Les orishas et les saints catholiques
Les orishas ne sont jamais représentés comme parfaits et nombre d’histoires racontent leurs mauvaises actions mais ils sont toujours représentés comme essayant de faire au mieux ce qu’on attend d’eux et ce de manière très humaine. Oshun peut être rancunière, Shango impatient, Esu manipulateur, Yemaya colérique etc… On peut cependant compter sur eux pour transmettre les messages des mortels à Olodumare et c’est pour cela qu’ils ont fini par être associés aux saint du catholicisme quand les yorubas furent emmenés comme esclaves dans le prétendu Nouveau Monde.

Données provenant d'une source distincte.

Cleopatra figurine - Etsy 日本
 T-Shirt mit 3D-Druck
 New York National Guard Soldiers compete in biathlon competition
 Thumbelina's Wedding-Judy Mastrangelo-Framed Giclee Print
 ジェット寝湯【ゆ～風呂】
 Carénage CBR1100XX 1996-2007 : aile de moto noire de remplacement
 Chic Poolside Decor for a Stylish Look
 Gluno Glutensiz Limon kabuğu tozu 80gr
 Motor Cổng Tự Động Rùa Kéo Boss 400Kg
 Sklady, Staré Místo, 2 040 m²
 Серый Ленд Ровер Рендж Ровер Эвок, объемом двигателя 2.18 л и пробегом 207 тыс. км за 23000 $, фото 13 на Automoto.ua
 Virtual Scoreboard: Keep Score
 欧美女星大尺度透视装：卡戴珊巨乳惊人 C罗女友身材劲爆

On ne sait pas vraiment comment la foi yoruba fut respectée dans une Amérique du Nord largement protestante (et elle ne le fut peut-être pas du tout) mais dans l’Amérique Centrale et du Sud et dans les Caraïbes, régions catholiques, elle fut syncrétisée avec la chrétienté et les orishas furent associés avec certains saints. Comme pour les histoires racontées par les yorubas en Afrique Occidentale, des orishas différents furent associés à des saints différents dans des régions différentes et il est impossible de savoir avec certitude quel orisha finit par être identifié à quel saint. En général l’association entre orisha et saint tient à la proximité de leurs sphères d’influence.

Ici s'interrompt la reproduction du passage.